In HLB Smith Holdings Limited v R, 2018 TCC 83, each of Holdco and a family trust (“Trust1”) held 50% of the shares in the capital of Opco. Another family trust (“Trust2”) held all of the issued shares in the capital of Holdco. Trust1 was for the benefit of W’s family; it appears Trust2 was for the benefit of M’s family. W and M were unrelated. They were the directors of Opco at all times. Opco paid dividends to its shareholders at a time when it owed income tax. Holdco paid dividends to Trust2, which allocated the dividends to M and his wife. Were the recipients of the dividends liable under section 160? Put another way, did Opco deal at arm’s length with its shareholders, who were unrelated to it?

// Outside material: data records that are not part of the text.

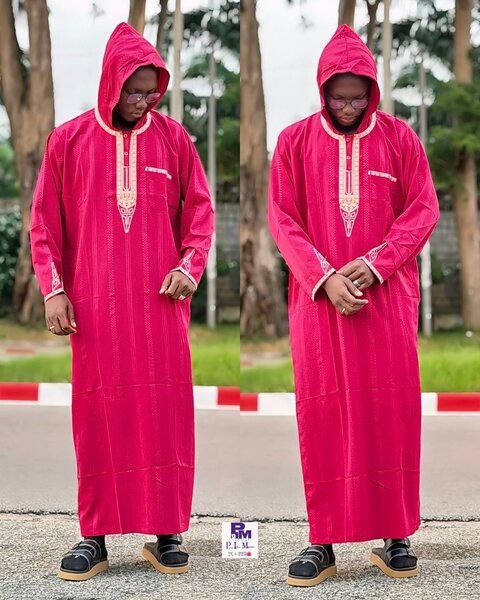 Tunique africaine rouge avec capuche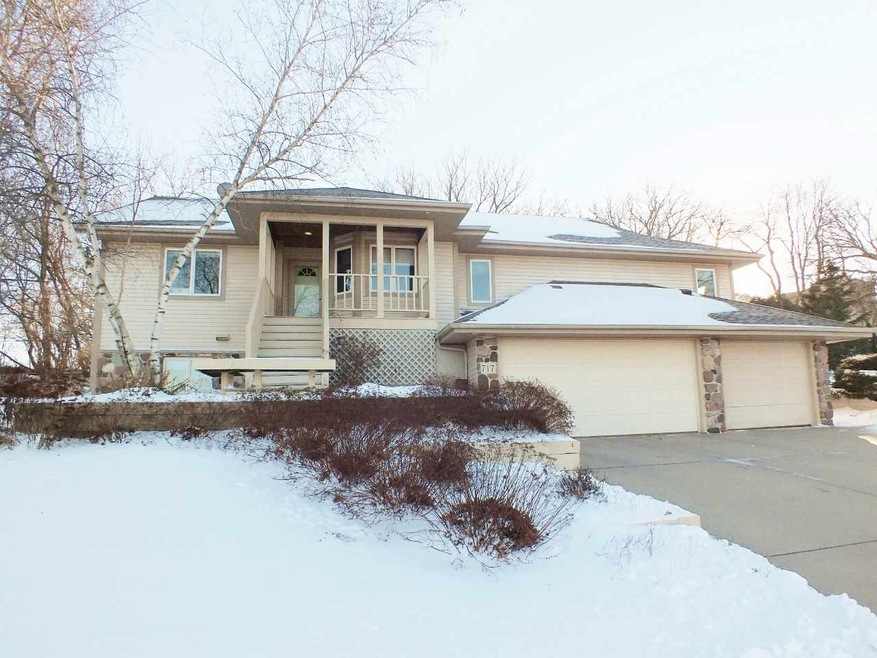 717 Foxfield Rd, Oregon, WI 53575 - photo 1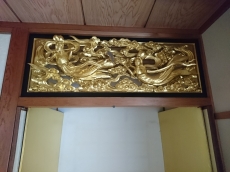 無垢フローリングは木の質感や香りが味わえて、夏はさらり、冬は温かみがあります。 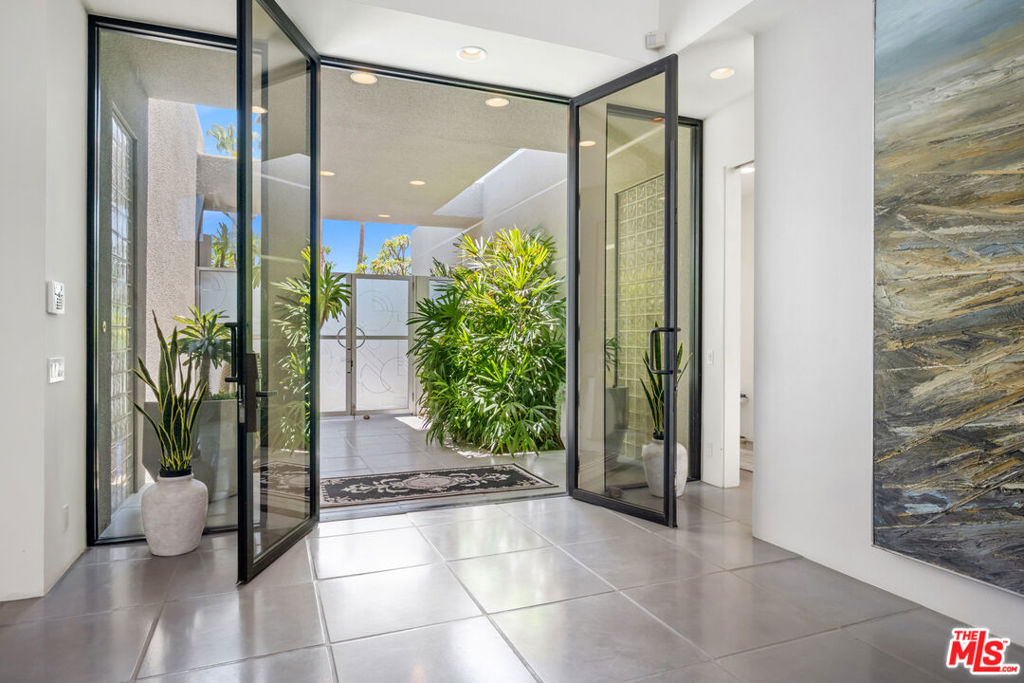 6 Rocky Lane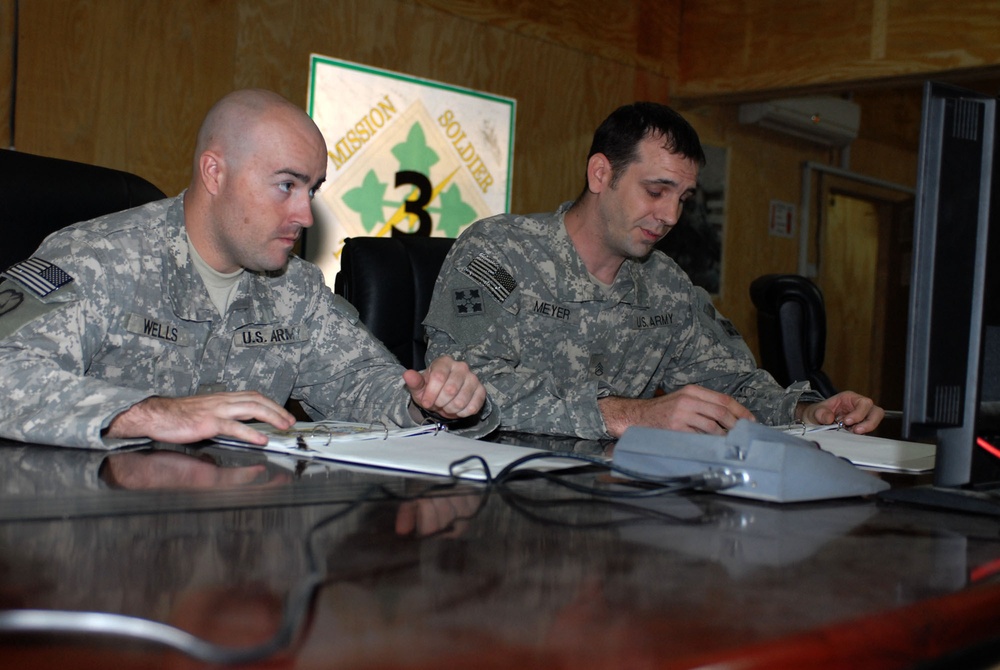 Silver Lions participate in 'Read for the Record'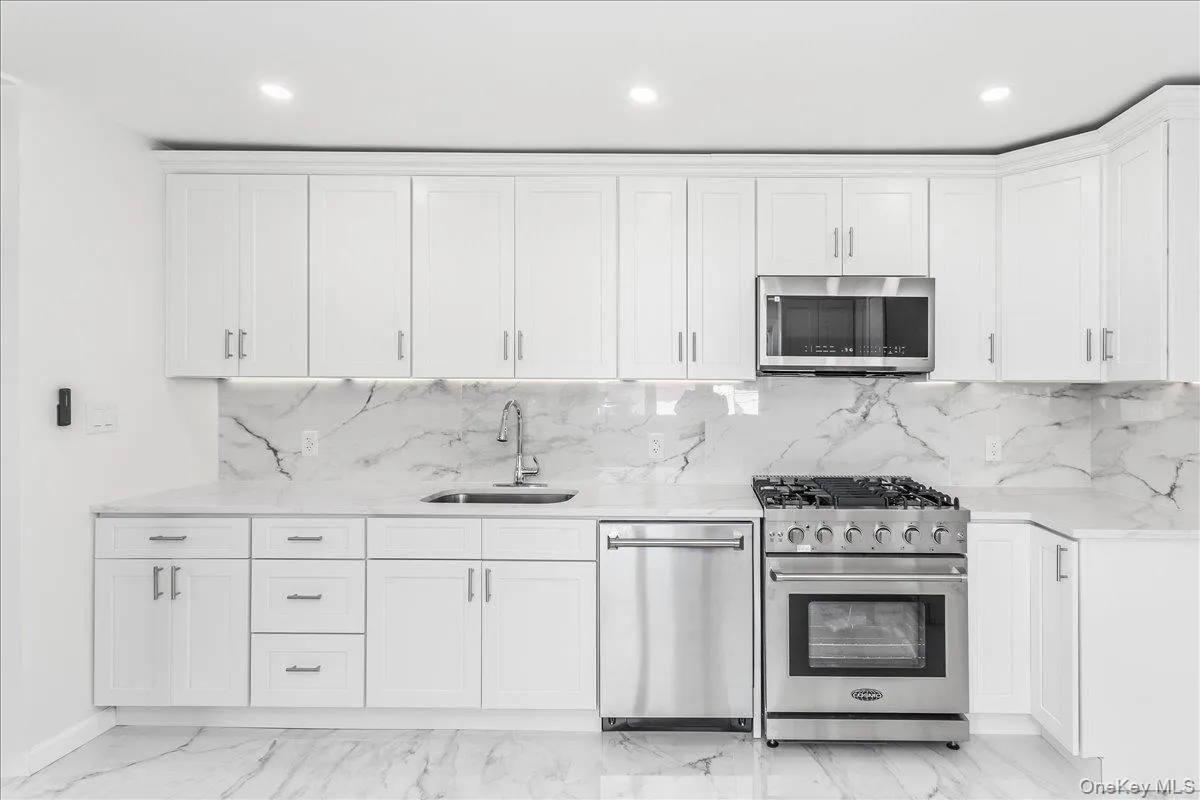 260 24th Street, Babylon, NY, 4 Bedrooms Bedrooms, 10 Rooms Rooms,1 BathroomBathrooms,Residential,For Rent,24th,0,1042400 260 24th Street, Babylon, NY, 4 Bedrooms Bedrooms, 10 Rooms Rooms,1 BathroomBathrooms,Residential,For Rent,24th,0,1042400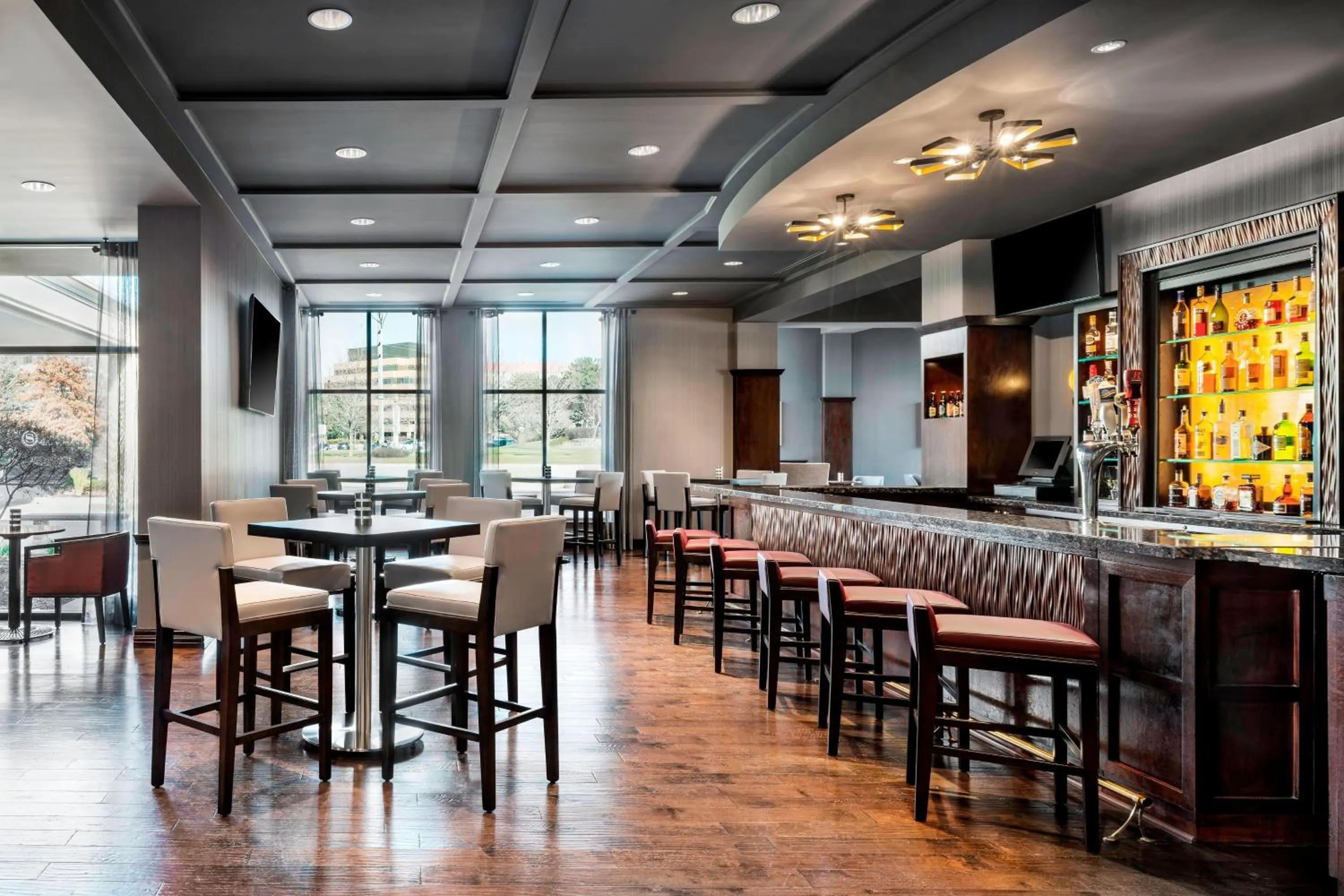 Restaurant/places to eat in Sheraton Toronto Airport Hotel & Conference Centre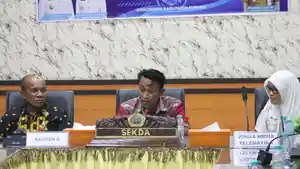 Sekertaris-Daerah-Kabupaten-Kupang-Mateldius-Sanam-buka-GD-SPBE.jpg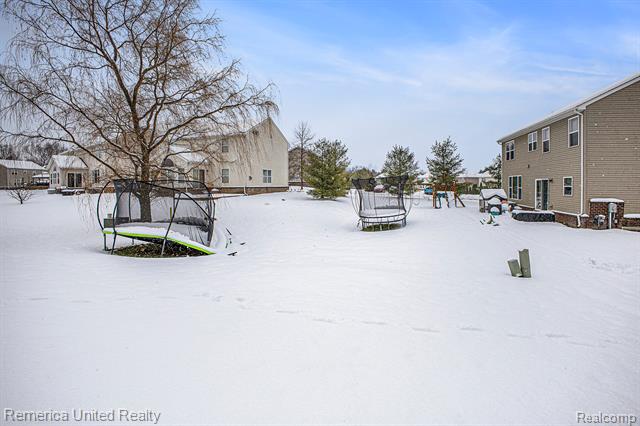 Builiding view twenty three for 59696 Twin Pines, New Hudson, MI. 48165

The Tax Court held that the shareholders of Opco acted in concert, one supposes because each of the shareholders was controlled by M and W respectively, who were the only directors of Opco. Because the shareholders acted in concert to direct Opco to pay dividends, they were not at arm’s length with Opco per s 251(1)(c) of the Income Tax Act (Canada). The Court cited with approval the following passage from Fournier (F) v MNR,  1 CTC 2699, 91 DTC 746 (TCC), at 748 (DTC):
I cannot find a situation more suited to application of the concept of a non-arm’s length transaction between unrelated persons, in that the company’s two principal directors and shareholders apparently acted in concert and with a common economic interest to decide how they would withdraw the profits made by the company for their personal use. Acting both as directors of the company and its shareholders, they were in a position where the concept of not being at arm’s length in fact as established by our courts could hardly be better applied. In this sense, therefore, I consider that Les Évaluateurs Fra-Mic Inc. was not at arm’s length with the appellant at the time of the property transfer made during its 1983 taxation year, and that accordingly the respondent was right to apply subsection 160(1) of the Act to this transaction.